At the end of Siderana’s contractual period, she turned to her country’s embassy for help. The embassy in turn followed up with her employers, asking them for her salary or for the cost of a return plane ticket, to which they refused. This forced Siderana into staying at the embassy for a period of seven months before they asked her to leave and look for work in order to afford the cost of a return ticket. This order served to force her into working in illegal conditions, with salaries that did not exceed $100, for seven years, until she was arrested in 2013 and administratively detained in the Jwaideh correctional Centre.

 

Siderana is considered a victim of human trafficking, which includes forced labor under its definition. It is possible that we would not know her story if not for having met her inside the Jwaideh women’s prison, with a team from the Enable Center (مركز تمكين) for Legal Aid and Human Rights, at the end of 2013. Her case is similar to dozens of cases in which those who were administratively detained were proven afterwards to be victims of human trafficking.

 

The Difficult Conditions of Detention

The Enable Center, in their last visit to Jwaideh on March 25th, found Filipino, Sri Lankan, and Bangladeshi nationals.
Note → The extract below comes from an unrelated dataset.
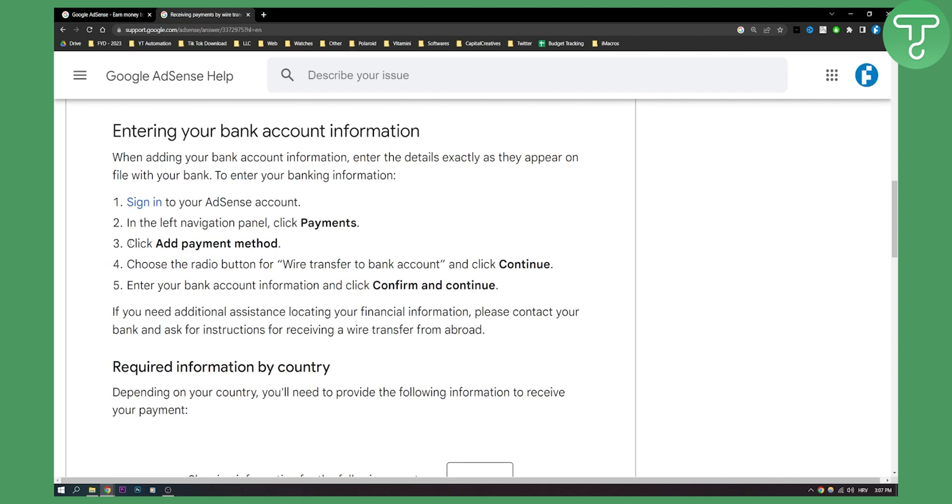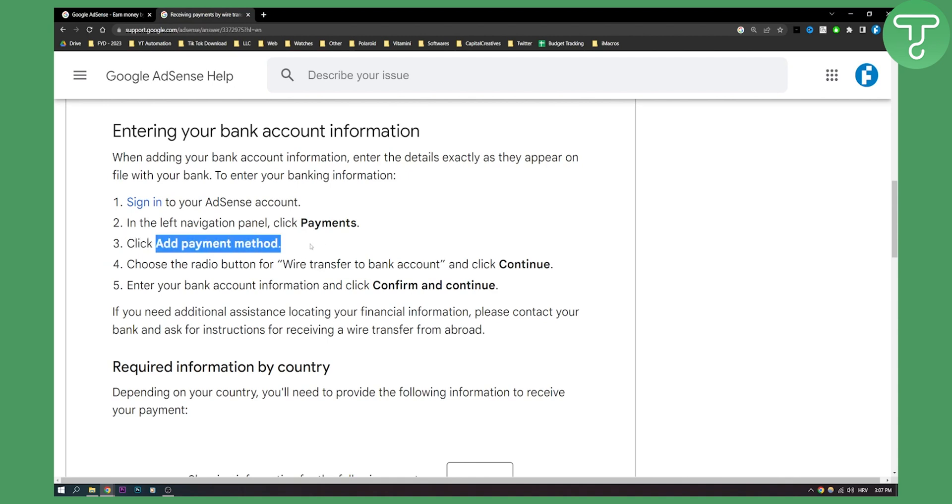Here you will be able to see add payment method. Make sure to add payment method. You will need to choose the radio button for wire transfer to bank account and click continue.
The center does not rule out the possibility that 18 of the women may be victims of human trafficking.

 

The deputy executive director for the Enable Center, Diala Omari, who participated in the visit, said that the Jwaideh center claimed to be ignorant of the information that the inmates told her and her team.The center asserted that no questions were asked about the working conditions of the detainees during the initial stages of investigation or after they were administratively detained. These working conditions included non-payment of wages, physical and psychological assault, and sexual assault in some cases.

 

Another case which is no different from Siderana’s is that of the Filipino domestic worker “Maria,” who came under administrative detention this year after the expiration of her residency permit. Maria, a pseudonym given to her to protect her identity, confirmed that they did not ask her about her working conditions during the initial stages of the investigation at the security center or even after she was transferred to the Jwaideh detention center.

 

Maria said that she left the family that she had been working for following ill-treatment where she was forced to work from six in the morning until midnight. Her passport had been confiscated in order to force her into working these hours.

 

According to Maria, a lawyer was not appointed to defend her during the initial stages of the investigation and she was not asked whether she wanted legal representation or an interpreter. It was confirmed that she signed onto her testimony without being able to understand what had been written because she was unable to read the Arabic script.

 

Workers administratively detained in Jwaideh described their conditions as “difficult.” In particular it was described that about 20 inmates were kept in a single cell and it was not permitted for them to acquisition even one piece of clothing. In addition to that, the inmates were provided with only two pieces of soap for the duration of their stay. In the case of running out, they were forced to purchase them from the canteen know as the “cafeteria.”

 

Inmates said that the field team did not provide for any of their feminine hygiene needs, and they were forced to buy these supplies as well from the “cafeteria.” Those who did not have the money had to tear their clothing and use that instead.

 

Inmates also face difficulty in accessing health care. Communicating about health issues to those in charge of the center has proved especially difficult. One injured inmate held at the detention center was found to be in the final stages of cancer. Her disease was detected entirely by accident.

 

The “Dignity” team from the National Center for Human Rights was allowed to carry out unannounced visits to correctional and rehabilitation centers in order to monitor the real state of conditions inside. The Public Security Directorate confirmed that it has been systematically working to reform the prison environment for nearly 7 years.

 

The Governor's Powers

The administrative governor has the power to arrest and detain migrant workers whose residency or work permits are set to expire until they meet certain requirements or return to their countries. This is in accordance with the controversial Crime Prevention Law, applicable in Jordan since 1952, which grants the administrative governor and the power to arrest without restrictions.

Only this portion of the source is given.